Pricing, it matters! That’s what I learned Chris. When I first launched my eBook I didn’t take the time to consult a few of my loyal readers about what THEY would be willing to pay. As a result I came out with a price that was way too high in the eyes of my readers and I ended up turning around and lowing the price that very afternoon after the flood of comments and suggestions from readers.

My second time around as I get ready to launch a membership site I’m doing my homework.
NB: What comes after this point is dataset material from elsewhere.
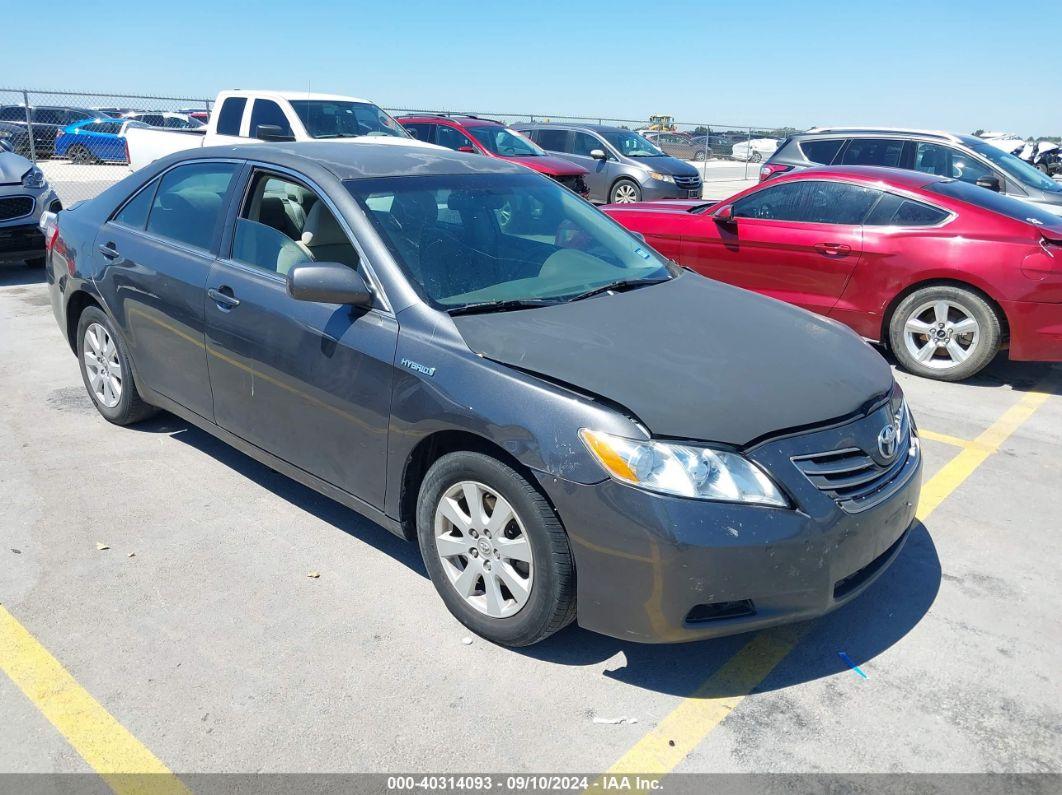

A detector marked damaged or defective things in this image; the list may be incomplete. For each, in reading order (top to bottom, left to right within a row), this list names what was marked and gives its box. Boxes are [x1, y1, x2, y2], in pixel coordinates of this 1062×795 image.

damaged hood [454, 274, 892, 448]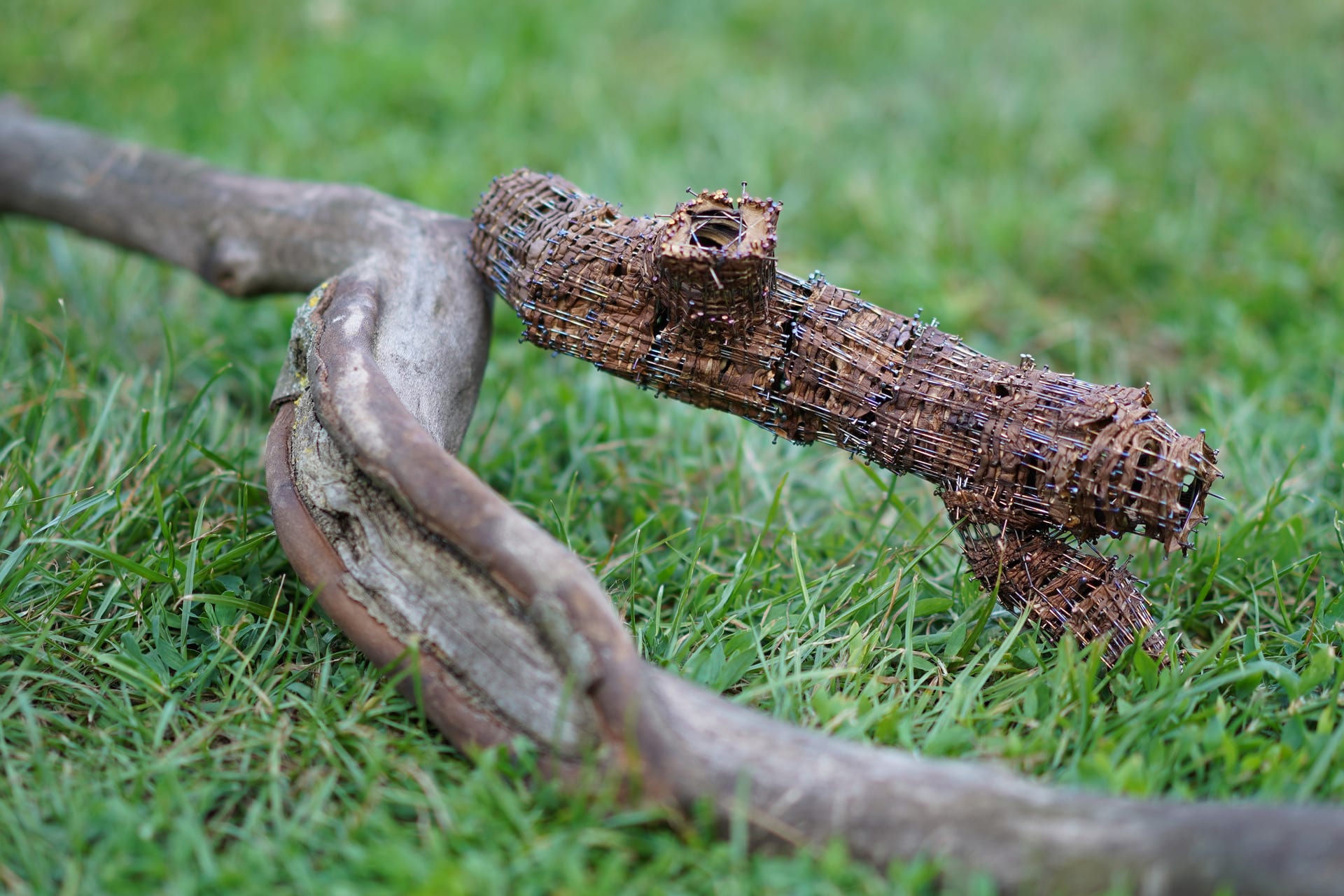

I sent a survey out using Survey Money to Facebook, Twitter, and My Email List and polled my readers as to what features they would like to have included in a membership site, and then I simply asked the questions, “what do you feel a fair price for these features would be?” Surprisingly the response was MORE than I had planned to charge.

From reading your blog along with Pat Flynn over at SPI, I’m going to try the marketing strategy at launch of offering the first 100 subscribers at a discount price, then the price will increase.

Sorry for the long comment, I didn’t have time to write a shorter one (a little Thomas Jefferson reference there :)

Thanks for the great insights,


Chris C. Ducker October 21, 2011 at 19:47

Hi Tim

Indeed, pricing does matter, although I;m a firm believer that the product / service quality is way more important than the profit margin.

Don’t get me wrong, we are in business to make money, obviously. But, it goes hand in hand. People are honestly more happy with parting with a few extra bucks, if it means what they are getting for their money is higher in quality.

Loved the comment, and the TJ reference. Sometimes less is more… Sometimes its not!!!

Welcome to the VBL Tribe, and good luck on that launch. Let us all know how it goes, okay!?



Tim Racette October 23, 2011 at 07:02

Absolutely Chris, aligning that business model with good ethics is important. Didn’t mean to give the wrong impression. I really enjoy your posts and ideas, a perfect example of providing great value and letting the content promote itself, via readership. Thanks.


Chris C. Ducker October 24, 2011 at 20:06

No problems, Tim. I hear ya loud and clear. That’s what this comment section is for – on-going discussions.

Thanks for the kind words, too. Really appreciate your support.



Rhuarhii January 23, 2012 at 23:42

The #1 item on any one’s launch check list wants to be – Set a measurable goal. That could be to double the size of your email list or attract 10 partners who want to promote your product to their list or sell 100 units of you product. Setting clear goals is paramount…


Chris C. Ducker January 24, 2012 at 17:26

Great point, Rhuarhii.

Goals are about as important as anything else when you’re on your way to pursuing business success.

Appreciate you stopping by.



Bastian February 29, 2012 at 23:18

Hi there,

what is your advice on business licensing in regards to a virtual business?